All new Registrations are manually reviewed and approved, so a short delay after registration may occur before your account becomes active.
Production server | What the heck?
A new day, a new post.
I woke up this morning with 5 tickets in which I was told that the KVM servers were moving deplorably and later I had to find out why (see the screenshots).
The big problem is that I was at the office (at work) all day and then I traveled by train, going back home only in the morning, in about 10 hours.
I know it is not ethical, professional, inspirational and well seen, but in order to solve the situation as quickly as possible tomorrow, I will tell you what I have already done and I did not manage to find the source of this problem:
1. I tested the RAM memory (nothing abnormal)
2. I checked the values in "smartctl" for each individual disk, there is no error on any of them
3. I checked the health status reported by proxmox for each ZFS pool, nothing abnormal there either.
4. I checked the temperature of the processors, nothing abnormal (below 60 degrees Celsius)
Any idea is welcome. (I try to impact customer services as little as possible, being an already critical situation)
Thank you!
Comments
Did you looked at the list of processes?
powersave strikes back.
Yes, nothing abnormal.
I found out that most of VMs increased their usage at the same time, going from idle to 50-100%. Tried to figure out a pattern like a specific zfs pool but wasn't the case.

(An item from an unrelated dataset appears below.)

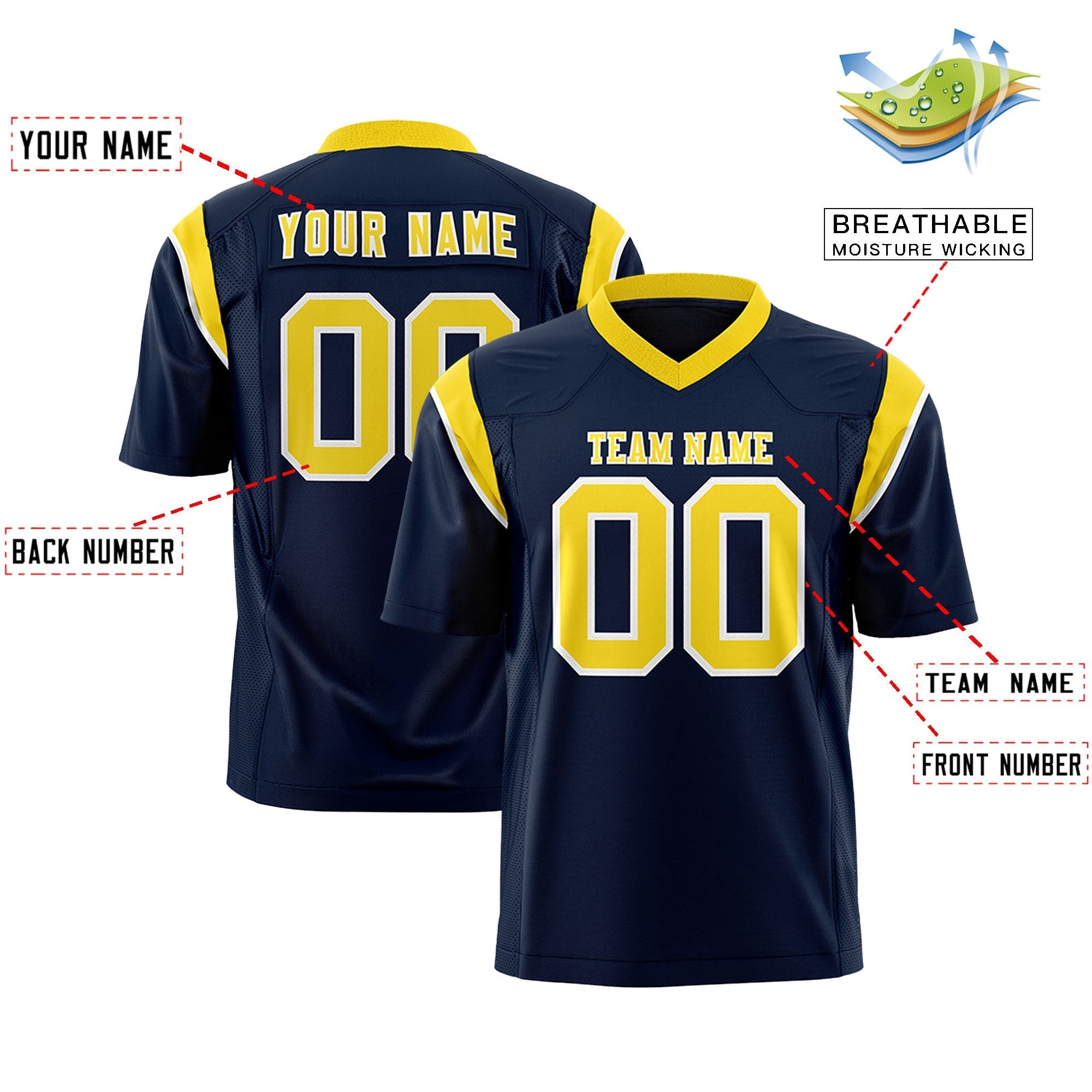 Custom Navy Gold Personalized Shoulder Cut Two-Tone Flag Football Jersey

Performance is already on.
How is the IO overall?
Quite low.
Under 20Mbps according to iotop.
Looking for info at proxmox forum,
one solution was to restart:
pvestatd and udev
daily.
Other just attributed the issue to a CPU hardware, replacing the CPU's fixed the problem
We had today a node reboot but this didn't changed anything.
Tomorrow when I'll get home, I'll take care of it.
Thank you for your time!
Is this a soft raid? Could be a storage issue, maybe something not detected with smartctl. For example soft raid degradation, syncing, IF I'm not mistaken, soft raid could use the CPU intensively. Specially if HDD?
Good morning!
With all VMs turned off, I discovered a rather dubious thing, namely that with only one VM turned on (regardless of whether we are talking about an SSD or HDD pool), the benchmark no longer displays a few GB but no more than 400MB read/write . In conclusion, for some reason, the server no longer uses ZFS cache, even if the minimum/maximum values remained the same (several tens of GB).
SSD pool:
HDD pool:
What model of ssds does the system have?
do you guys here get paid for the support you offer for his hosting company ?

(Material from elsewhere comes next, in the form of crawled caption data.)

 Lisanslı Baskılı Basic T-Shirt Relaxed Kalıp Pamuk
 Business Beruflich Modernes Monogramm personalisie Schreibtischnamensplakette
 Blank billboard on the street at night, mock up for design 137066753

Proxmox itself running on Samsung 860 EVO and customers VMs Samsung PM893 1.92TB.
But those like you who search on google for solutions to their problems and find solutions following the discussions of others, are they paid well?
Its the provider asking for guidance. Im also interested what could cause this so its a good topic.
Did you look at each virtual machines graph to see if any of them used a lot of CPU starting a few days ago (week graph)
The whole problem appeared around 01:30 UTC+3, a day ago.
Among the affected machines (more than 50% being affected) there is also one of my git servers which both before the problem appeared and after it was idling and suddenly the permanent consumption of the CPU had reached 50-100%, without had processes that consume those resources.
It is clear to me after doing the same benchmark on the same VM that the storage is 20-30 times slower, ZFS cache no longer having an effect but even without it, I have too few iops. (several hundred, being the only VM that consumes storage)
PM893 probably won't get as bad, but the evos will go to a crippling level of performance if you have allocated the whole drive and don't do trim passthrough (often not supported in software caching).
To confirm or rule out assuming you've got a raid configuration for your SSD caching, drop a single SSD from the array and secure erase it; once it's done - readd to the array. Then do the other drive.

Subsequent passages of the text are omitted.